Hace poco, el Tribunal Supremo tuvo que pronunciarse sobre un caso de injurias en redes sociales. ¿El drama? Alguien llamó «pelagatos» a otro en un foro comunitario. Pelagatos, señores. Esto no es «La ley y el orden»; esto es «Aquí no hay quien viva». Mientras tanto, casos con millones de euros en juego o que afectan derechos fundamentales se quedan en la sala de espera, como si fueran en clase turista. Pero, claro, lo urgente es aclarar si «cara anchoa» es un insulto o un diagnóstico.
Vivimos tiempos extraños. En algún momento de esta década, todos recibimos un derecho invisible: el de no ser ofendidos jamás. Es como si existiera una Constitución secreta que dice: «La libertad de expresión está muy bien, siempre y cuando no contradiga mis sentimientos». Si criticas a un político, cuidado, no vayas a herir su frágil «honor». Si haces un chiste sobre moda estrafalaria, prepara tu mejor corbata para el juicio. Y si osas burlarte de alguien de un colectivo concreto… mejor ni salgas de casa, no vaya a ser que acabes acusado de terrorismo.
A ver, no nos pasemos de listos. La libertad de expresión no es una licencia para insultar al prójimo como si fuéramos el Grinch con megáfono. Pero tampoco debería ser un bozal emocional que convierta cualquier comentario sarcástico en una tragedia jurídica. Siguiendo esta lógica, pronto los bares pondrán carteles que digan: «Prohibido hablar de política y suegras, salvo con abogado presente».
¿Dónde quedó aquello de «los trapos sucios se lavan en casa»? Pues en el mismo lugar donde dejamos el Nokia 3310: en el baúl de los recuerdos. Ahora, los trapos se lavan en Twitter, se centrifugan en hilos de indignación y se secan al sol de los juzgados. Y no creas que esto es cosa de ciudadanos anónimos. Políticos, famosos e influencers han convertido la denuncia judicial en su deporte favorito. Antes las disputas se resolvían con un zasca elegante; ahora se resuelven con un bufete de abogados y muchas ganas de perder el tiempo.
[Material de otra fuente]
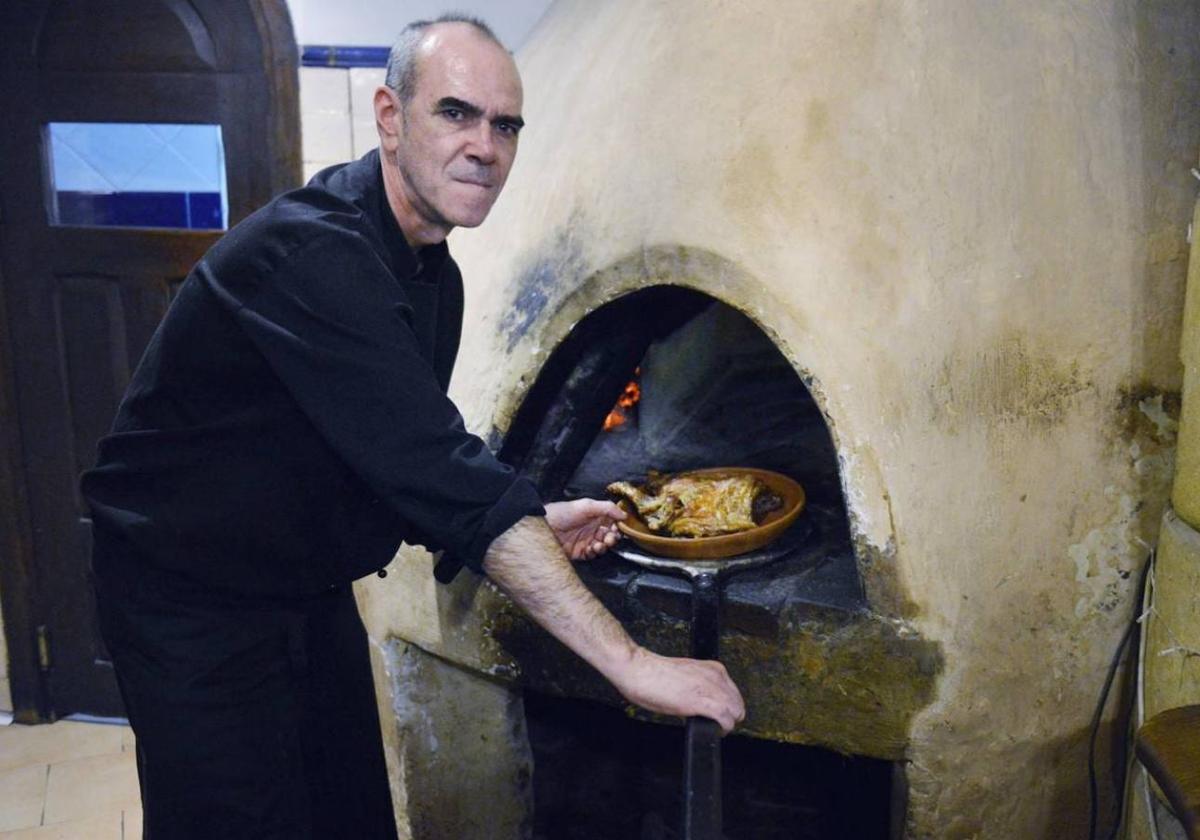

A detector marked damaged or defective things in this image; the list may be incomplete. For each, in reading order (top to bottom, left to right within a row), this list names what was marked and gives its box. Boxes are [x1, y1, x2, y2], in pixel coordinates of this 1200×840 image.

La gran ironía es que, mientras discutimos si llamar «ignorante supino» es delito o un halago en clave vintage, nos olvidamos de los verdaderos problemas de la libertad de expresión. ¿Qué pasa con los periodistas que son perseguidos por informar? ¿Con las redes sociales donde un algoritmo decide si tu opinión es «apta»? Eso sí son debates de verdad, pero parece que preferimos hacer de «pelagatos» un asunto de Estado.
Y claro, los juzgados no dan abasto. La justicia española, que ya camina como un Seat Panda subiendo una cuesta, no necesita que le metamos querellas por cosas que deberían resolverse con un mute en Twitter. Cada vez que un juez tiene que decidir si «hijo de fruta» es insulto o poesía urbana, un abogado se pregunta por qué no abrió un bar en su pueblo.
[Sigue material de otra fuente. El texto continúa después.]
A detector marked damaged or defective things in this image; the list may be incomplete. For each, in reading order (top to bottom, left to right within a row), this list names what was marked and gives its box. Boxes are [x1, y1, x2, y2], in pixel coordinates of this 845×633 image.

Propongo algo radical: un Ministerio del Sentido Común. Ahí enviaríamos todas las quejas ridículas para que las resolvieran con un café, dos galletas y una charla honesta. Mientras tanto, dejemos los tribunales para cosas serias. Y, ya que estamos, aprendamos a usar el botón de bloquear, que es gratis y no atasca el sistema judicial.
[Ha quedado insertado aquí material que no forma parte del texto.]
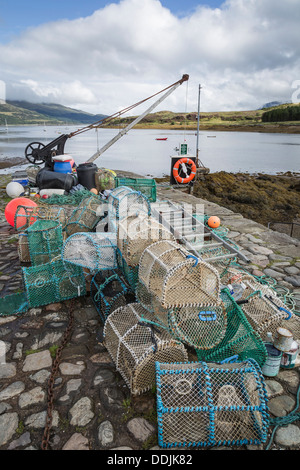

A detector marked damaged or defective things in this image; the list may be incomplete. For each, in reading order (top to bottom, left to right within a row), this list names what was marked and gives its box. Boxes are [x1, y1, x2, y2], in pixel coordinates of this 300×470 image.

rusty chain [41, 300, 75, 450] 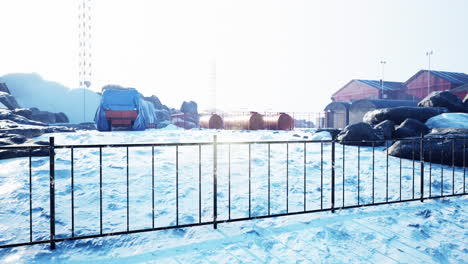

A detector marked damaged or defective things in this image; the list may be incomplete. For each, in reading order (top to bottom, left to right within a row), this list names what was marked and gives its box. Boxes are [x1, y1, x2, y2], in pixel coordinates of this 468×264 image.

rusty storage tank [225, 112, 266, 130]
rusty storage tank [264, 113, 292, 130] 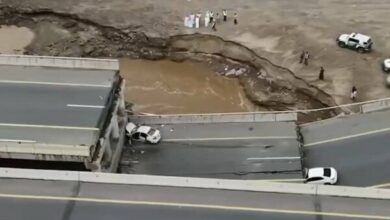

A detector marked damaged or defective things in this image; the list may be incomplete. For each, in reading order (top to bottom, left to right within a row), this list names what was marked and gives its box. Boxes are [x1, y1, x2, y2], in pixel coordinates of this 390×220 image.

crashed white car [336, 32, 374, 52]
crashed white car [125, 122, 161, 144]
crashed white car [304, 168, 336, 185] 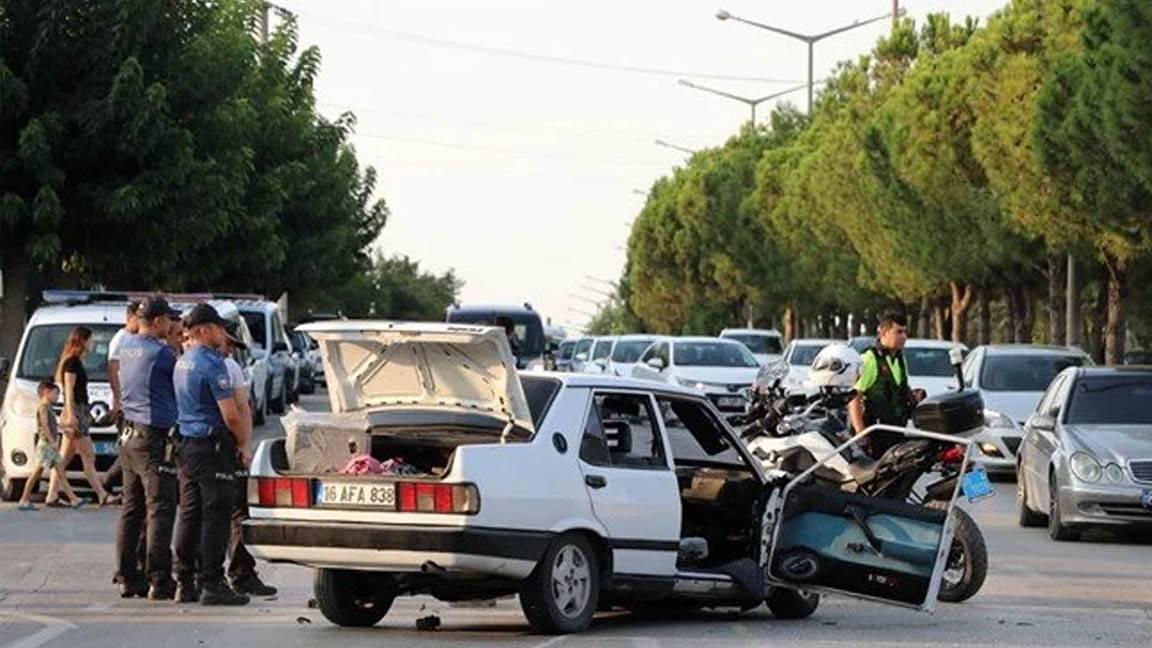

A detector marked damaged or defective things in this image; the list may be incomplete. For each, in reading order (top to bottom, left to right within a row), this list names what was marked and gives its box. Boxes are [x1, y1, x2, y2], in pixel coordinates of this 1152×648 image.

detached car part on road [243, 320, 972, 631]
Porque, al final del día, no existe el «derecho a ofender». Existe el derecho a expresarnos, que viene con un bonus track: aceptar que no todo el mundo va a aplaudirnos. Y si alguien nos llama «pelagatos», respiremos hondo, apaguemos el móvil y sigamos con nuestro caminar. Que bastantes dramas nos da la vida como para andar buscando más en los tribunales.